> _WHAT YOU NEED TO DO_: Give the listing again word for word. Leave every image out.

> _INFORMATION SHOWN_:

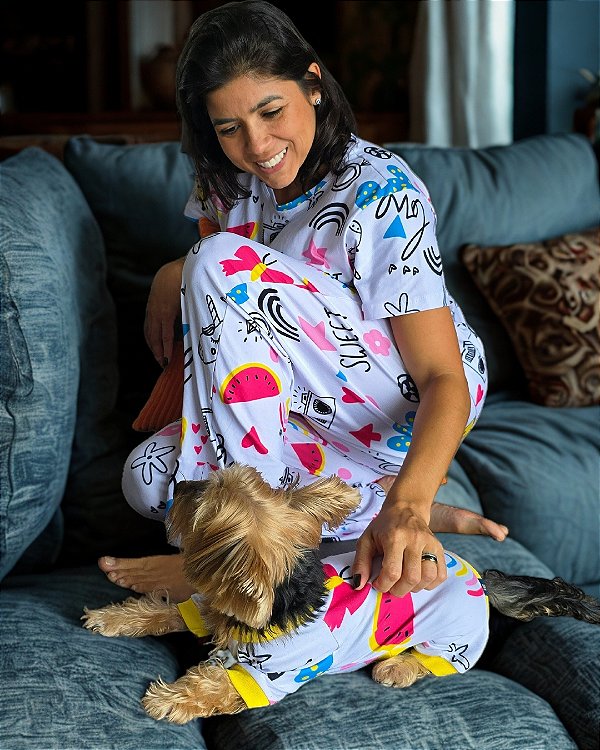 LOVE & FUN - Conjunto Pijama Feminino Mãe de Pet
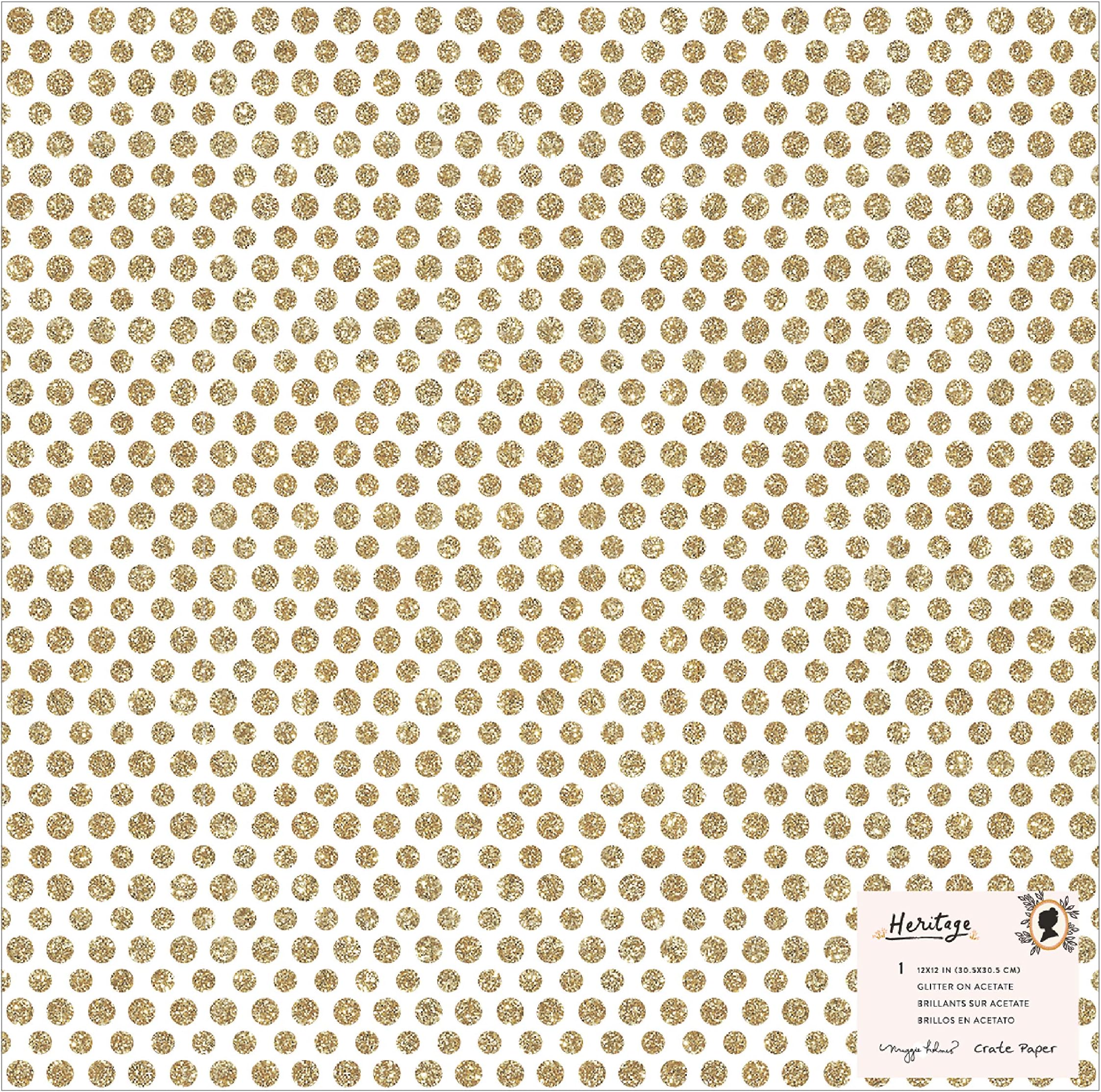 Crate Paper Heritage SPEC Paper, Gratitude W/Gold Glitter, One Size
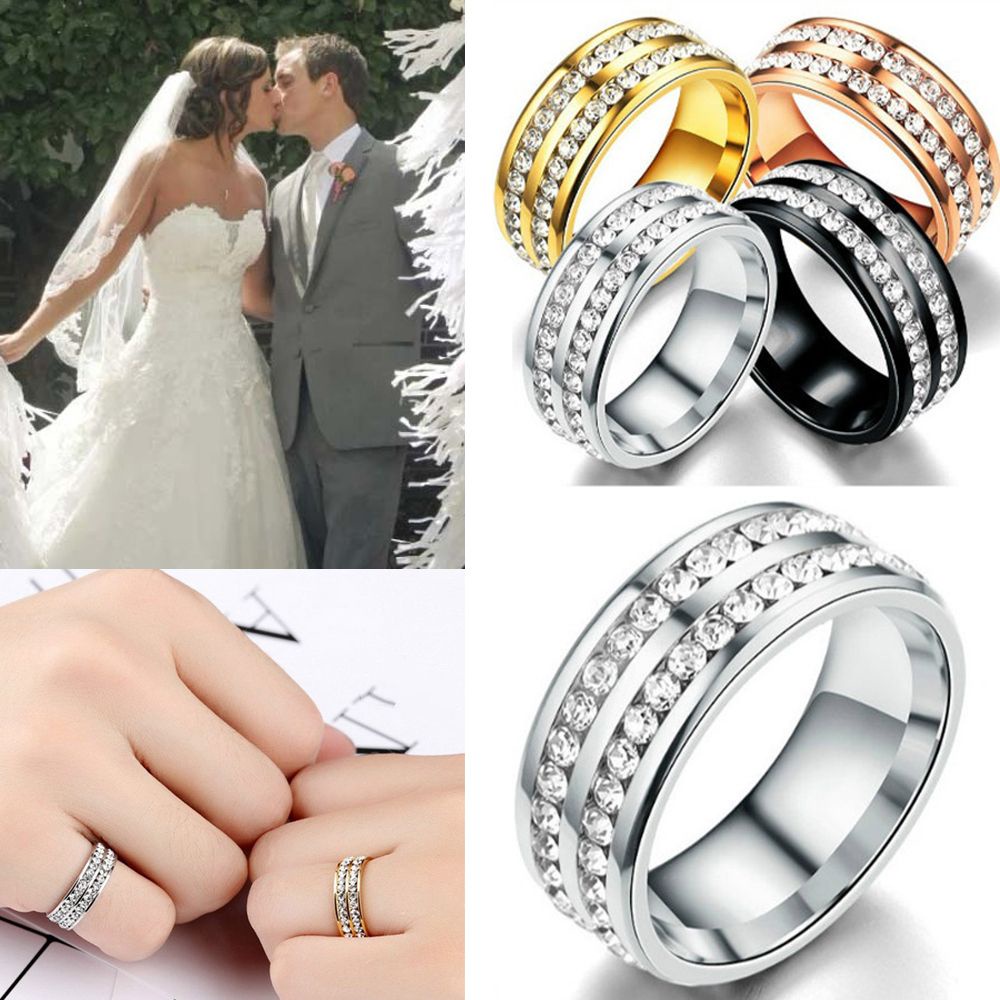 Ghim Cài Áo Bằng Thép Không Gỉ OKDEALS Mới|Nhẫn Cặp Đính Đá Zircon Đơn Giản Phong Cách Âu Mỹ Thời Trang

> _YOUR SOLUTION_:
 LOVE & FUN - Conjunto Pijama Feminino Mãe de Pet
 Crate Paper Heritage SPEC Paper, Gratitude W/Gold Glitter, One Size
 Ghim Cài Áo Bằng Thép Không Gỉ OKDEALS Mới|Nhẫn Cặp Đính Đá Zircon Đơn Giản Phong Cách Âu Mỹ Thời Trang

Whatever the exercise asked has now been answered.